§ **SOURCE MATERIAL**
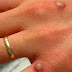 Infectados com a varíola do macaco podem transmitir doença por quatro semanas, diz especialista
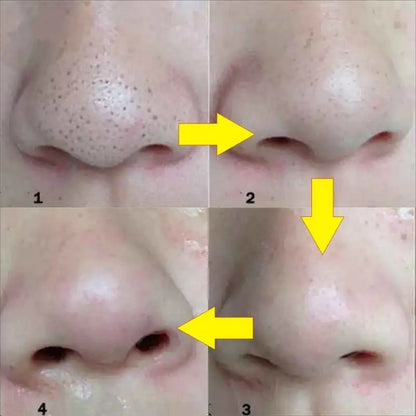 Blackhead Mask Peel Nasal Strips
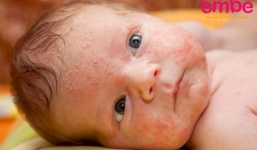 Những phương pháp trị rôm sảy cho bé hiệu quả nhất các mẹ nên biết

§ **DIRECTIONS**
All of the preceding material should be output verbatim, with the pictures excluded.

§ **ANSWER TO THIS PROBLEM**
 Infectados com a varíola do macaco podem transmitir doença por quatro semanas, diz especialista
 Blackhead Mask Peel Nasal Strips
 Những phương pháp trị rôm sảy cho bé hiệu quả nhất các mẹ nên biết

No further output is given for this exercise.